From a Deep, Still, and Often Uncomfortable Place
To subscribe to my monthly emails, click here.
My head and my heart are here
When the people we love suffer, we suffer. when there is suffering anywhere in the world, we are adjacent to that suffering somehow. this is what i believe. we are also connected by the fascia of joy and compassion and service. So here we are - all together in this giant soup. what to do?
At this particular moment, someone dear to me is suffering deeply and all i can do is witness. I am also dealing with my own physical issues at the moment that slow me down - i mean i am sloooooooow on the city streets and subway stairs and it is f-ing weird…..and here is what i am learning (am i re-learning it? i don’t know) : when all I can do is witness pain, and when I slow down enough to be with my pain - in myself and in others, I see the world more clearly. I see all the slow people with canes on the subway and on the street. I am seeing the girl on the train across from me crying , i see peoples’ gorgeous open vulnerable faces in the coffee line, and i even see the vulnerability behind the faces of bravado and defensiveness and all of this - its like an acid trip - or Neo when he sees all the 0’s and 1’s. It’s those glimmers that I think we all have when we see and feel things really clearly, but briefly.

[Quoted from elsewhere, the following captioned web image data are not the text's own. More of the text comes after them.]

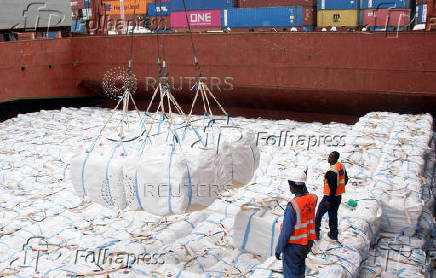Workers unload a shipment of rice from the MV Amira Sophie II, at the Kenya Ports Authority (KPA) container terminal in the port of Mombasa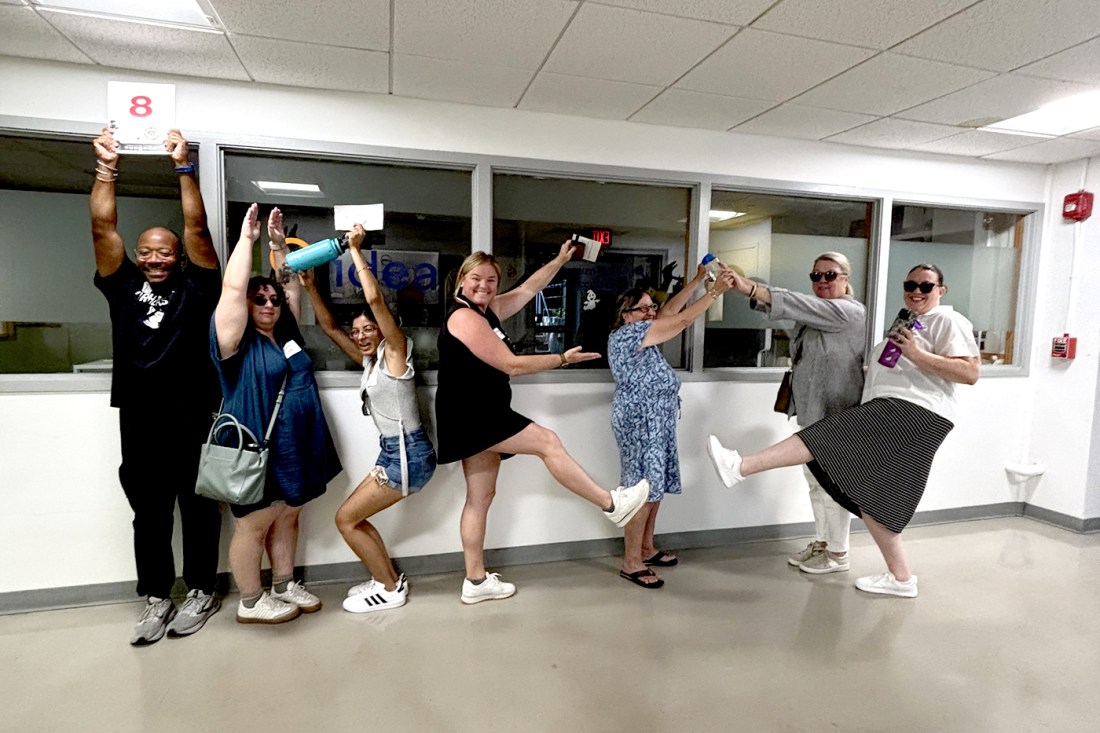 People posing to spell out IDEA. Everyone is in a white hallway and smiling.
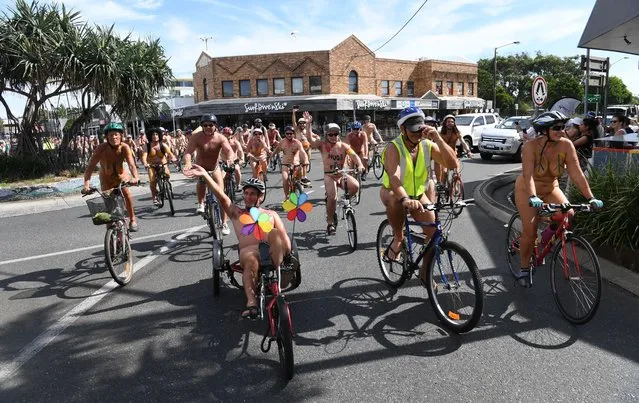 Naked protestors on bikes ride through the main streets on March 14, 2021 in Byron Bay, Australia. The ride aims to highlight the vulnerability of cyclists to motorists, promote cycling as an alternative to the modern car culture and to encourage positive body image to everyone. (Photo by James D. Morgan/Getty Images)
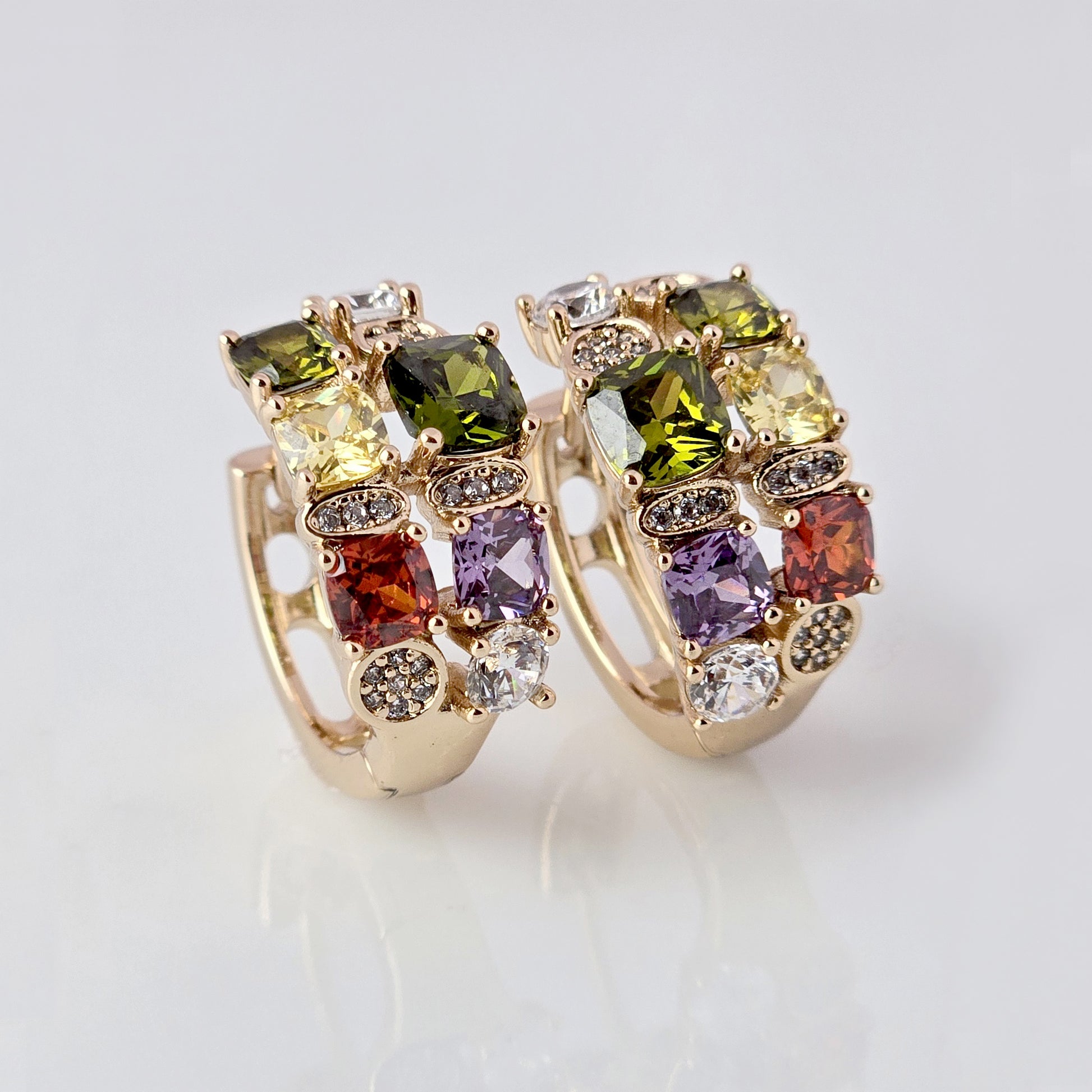 Expertly crafted from hypoallergenic, tarnish-proof stainless steel, our Medium Rose Gold Red Green Stones Huggie Earrings are both sustainable and low maintenance. The lightweight design makes them comfortable for everyday wear. Elevate your style with these quality earrings.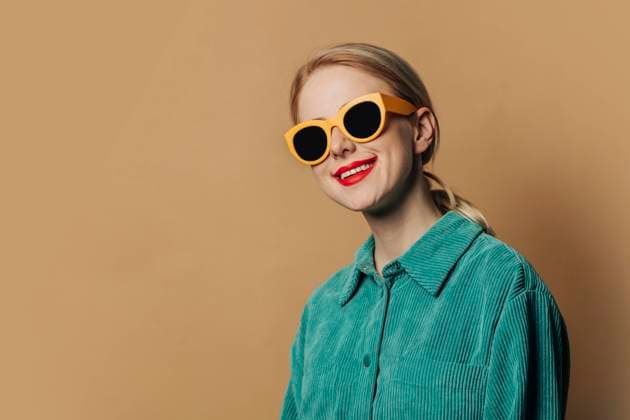 Happy woman wearing sunglasses standing against brown background model released, Symbolfoto, VSNF00544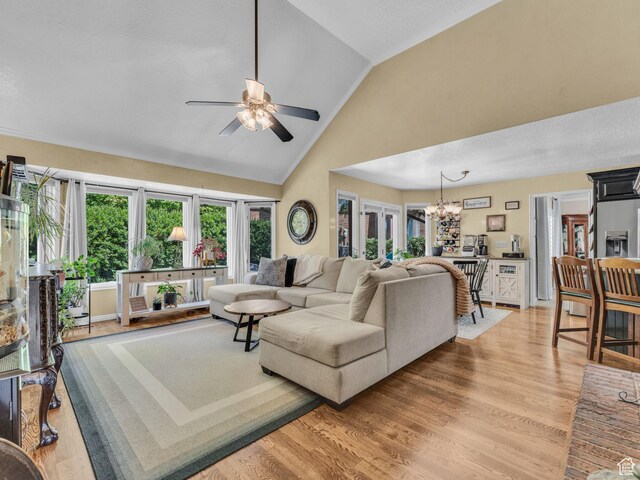 4760 S Meadow Creek Ln E, Ogden, UT 84403 - living area featuring healthy amount of natural light, a chandelier, light wood-style floors, ceiling fan, and high vaulted ceiling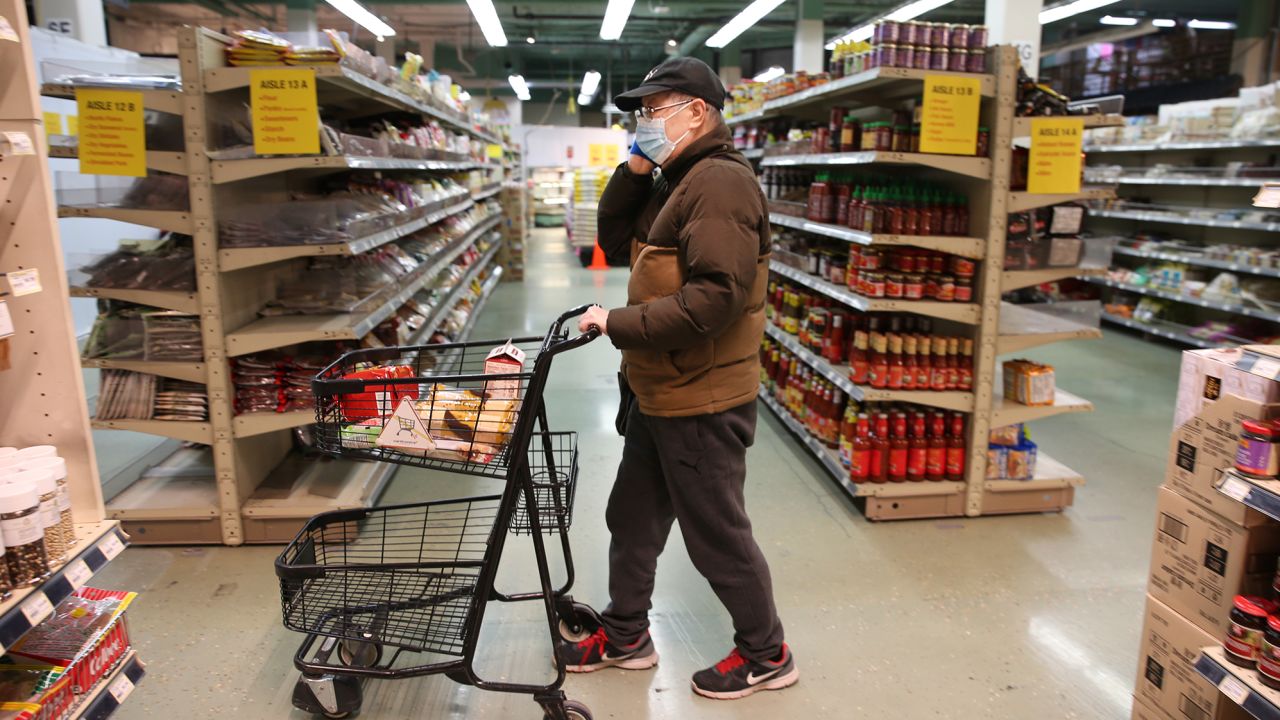 Check Chen from Seattle, shops for groceries during special hours open to seniors only at Uwajimaya, an Asian specialty supermarket, on March 18, 2020 in Seattle.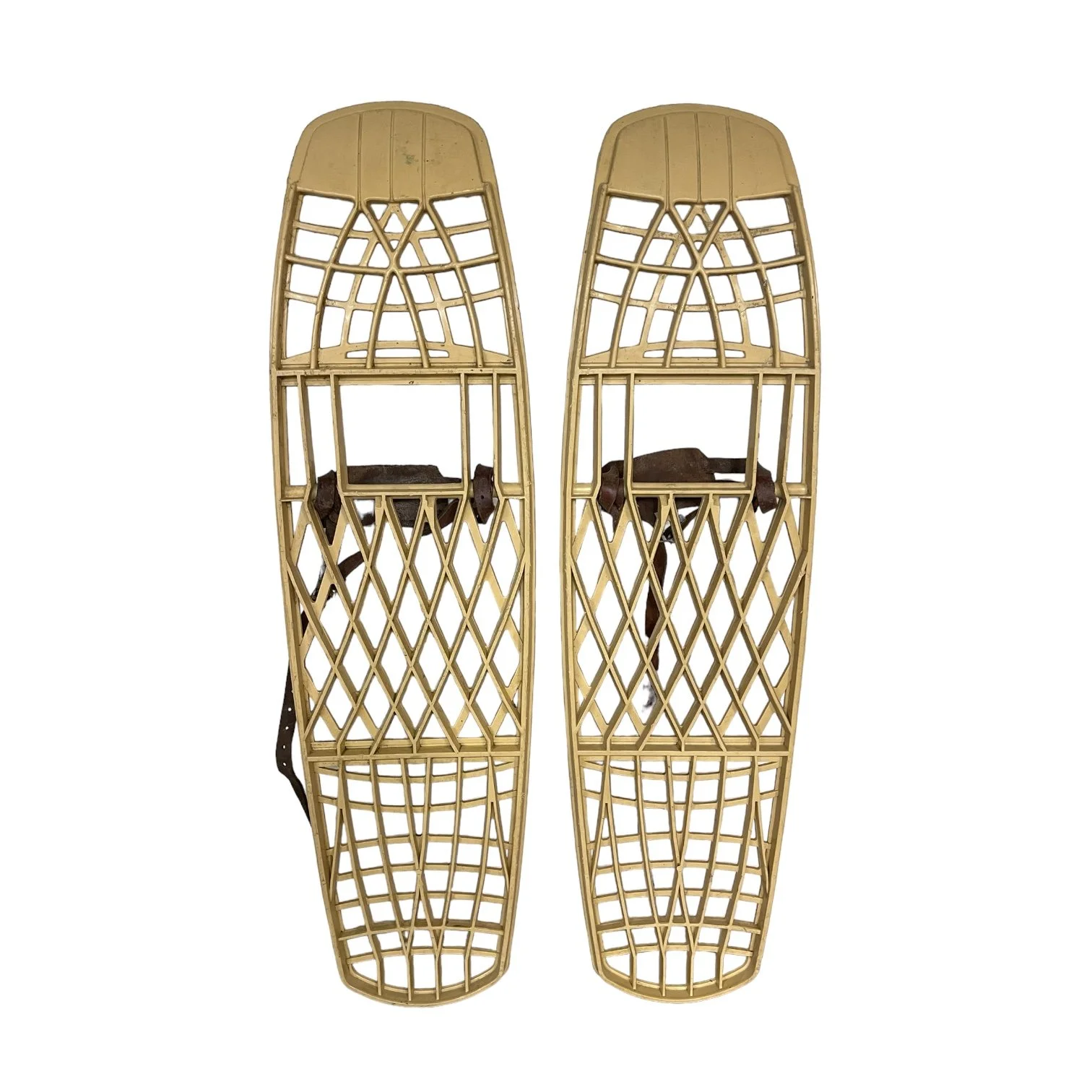 Pair of beige plastic Victor snowshoes with leather bindings.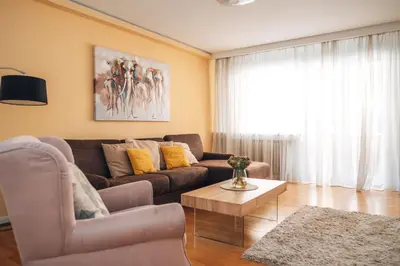 a living room with a couch and a coffee table at Crown Central three bedroom Apartment in Belgrade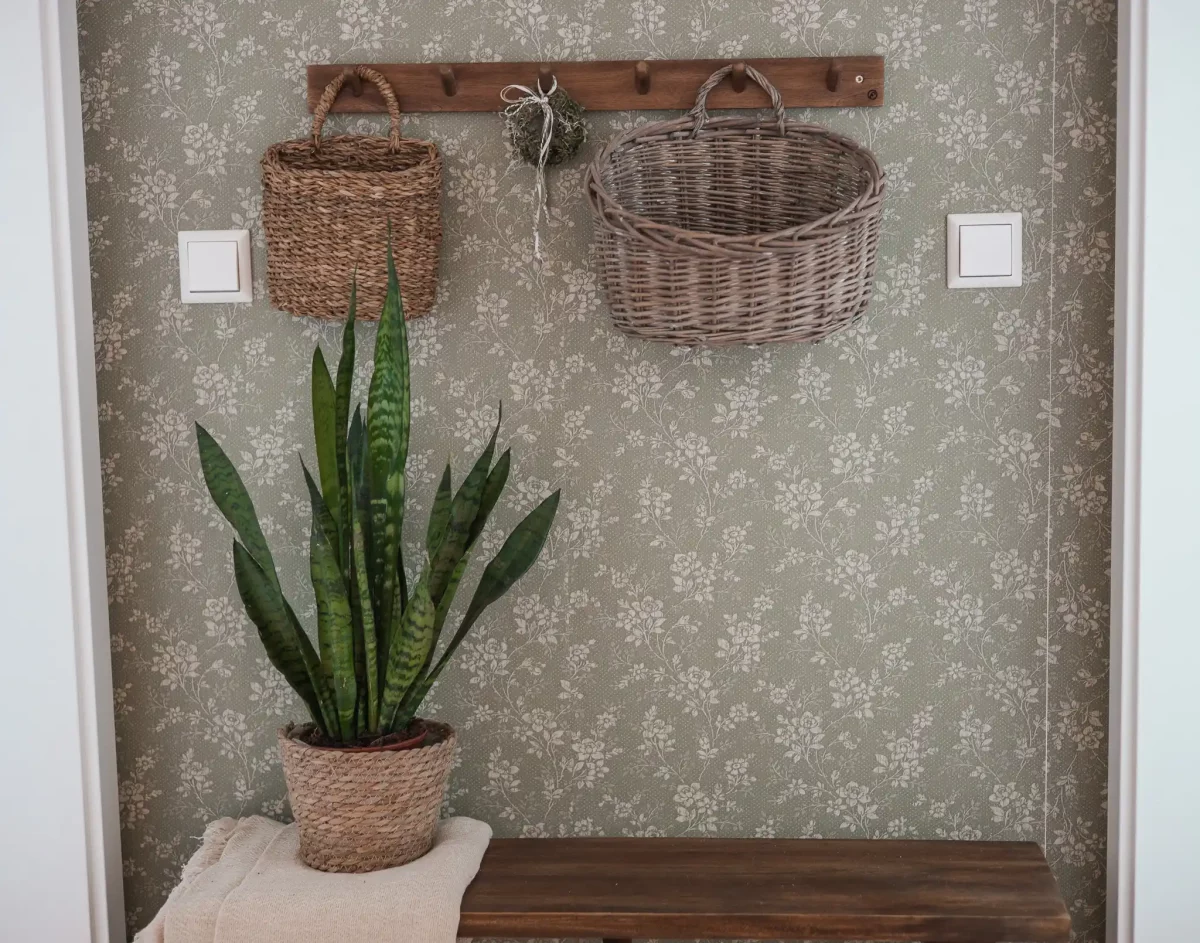 Garderobe mit Körben und geblümter Tapete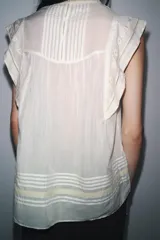 Blusa blanca sin mangas confeccionada en hilatura con viscosa y algodón. Tiene cuello redondo, detalle de bordados a contraste y cierre en espalda con abertura y botón.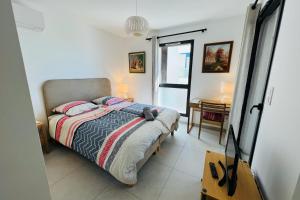ein Schlafzimmer mit einem Bett und einem Tisch mit einer Lampe in der Unterkunft Villa Marie 1 - Superbe appartement climatisé 2 chambres Vue Mer in Le Grau-du-Roi
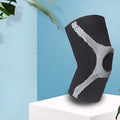 Red and grey silicone non-slip sports knee pads for running and climbing, shown in S, M, L, XL sizes.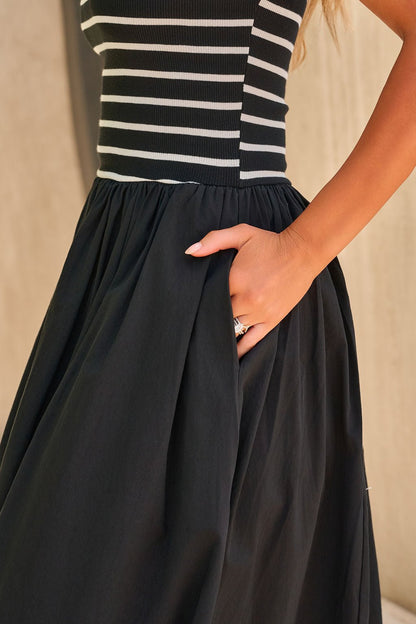 Woman wearing the Monaco Strapless Midi Dress in black, her hand casually tucked in the dress pocket.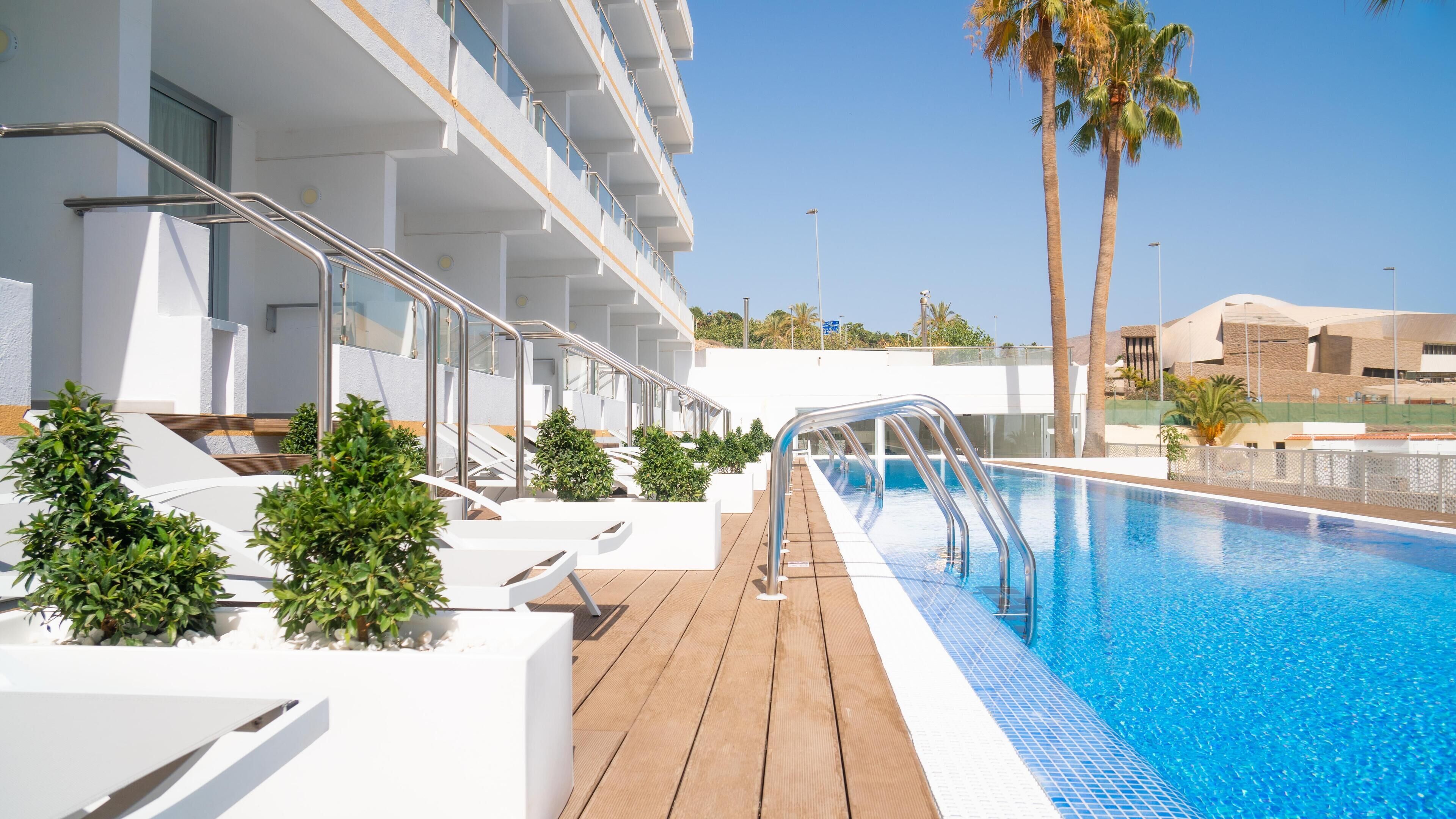 Alberca al aire libre, sombrillas en la alberca y camastros 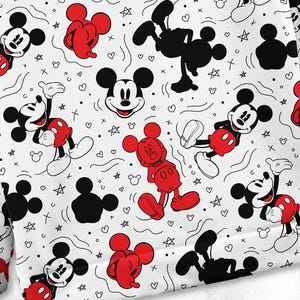 May include: White fabric featuring a repeating pattern of Mickey Mouse in various poses. Mickey is shown in red shorts, black shoes, and a smiling face. The background includes hearts, stars, and other doodles. The design is suitable for clothing.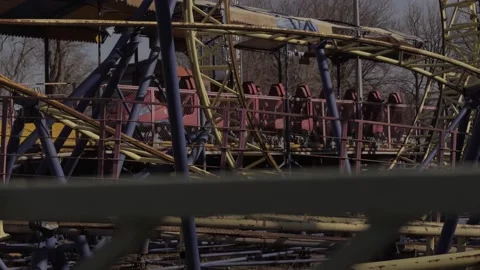 An abandoned, rust-covered roller coaster ride in an abandoned amusement park. Stock Footage 151587142
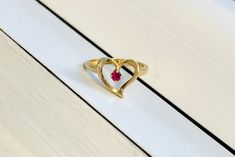 A Vintage 14k Gold Heart Ring Set with Ruby All items are XRay and Acid tested to ensure metal authenticity.  Weight: 3.2 grams Ring Size: 5.5 (resizing available upon request) 14k Gold Heart-shaped Solitaire Ring, Classic Heart-shaped Ruby Ring For Formal Occasions, Heart-shaped 14k Gold Ruby Promise Ring, Classic 14k Gold Heart-shaped Birthstone Ring, Classic Heart Ring With Diamond Cut For Valentine's Day, Classic Heart-shaped Ruby Ring, 14k Gold Ruby Ring For Valentine's Anniversary, Formal Rings With Birthstone For Valentine's Day, Formal Birthstone Rings For Valentine's Day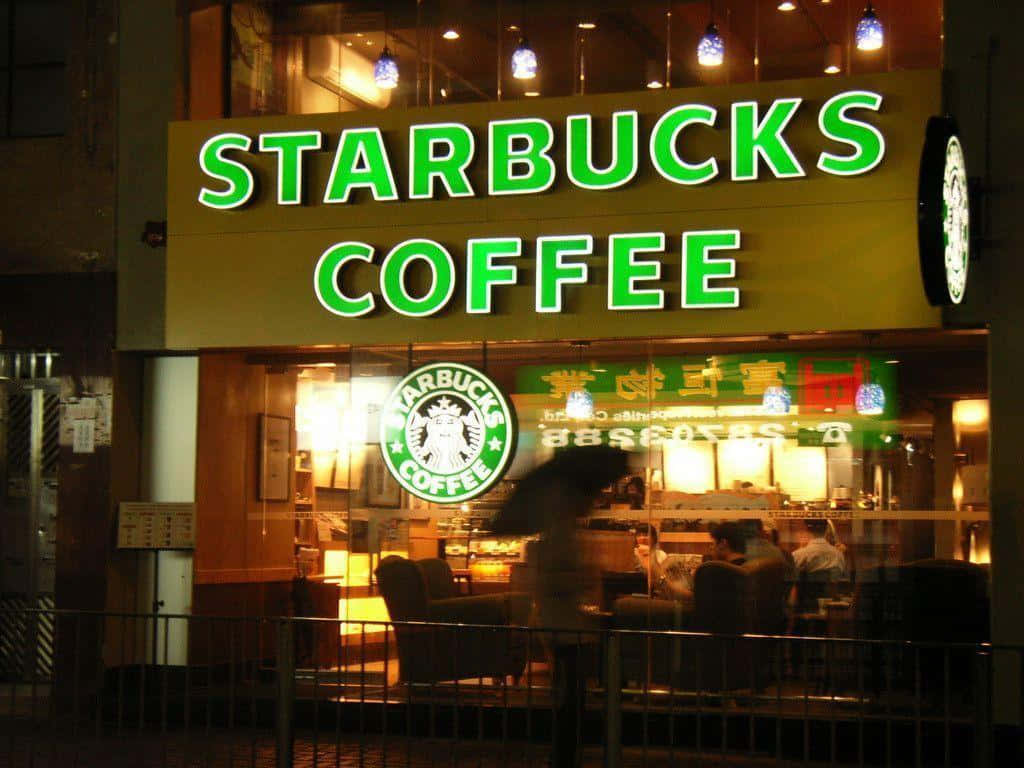 夜晚的Starbucks咖啡店，帶有發光標誌和模糊的顧客在內。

I don’t have any choice but to be slow right now - as excruciating and exquisite as it is moment to moment. And frankly, my dear suffering one will have to be patient too - although I have to credit them with much of this letter. They are the one who described to me - from the pit of anxiety and desperation - that all they could do was have compassion for the people at the root of their suffering. Even the cruelest and most aggressive people suffer - and probably more so.
I am finding meditation impossible right now. Once I asked Will Duncan -the wise meditation teacher - what do do when you are swimming in feeling and cannot meditate? He said, “well then you just pray’……so that’s what i have been doing - a ton of praying and allowing the breath and the tears and the glimmers of joy and ease too…….i won’t say it’s working because that isn’t the point, but I will say that its a lot of work!
In Quaker Meeting at the end of the silent time, you are invited to stand and ask the Friends in the room that you or someone you know be ‘held in the light’. You say their name and then everyone holds that stranger in the light. When you can , stop what you’re doing and hold someone in your life who suffers, in the light. or imagine yourself - still and peaceful and vulnerable - bathed in a shroud of light and at ease, if only for a moment.
I am sending you all love and light from a very still point.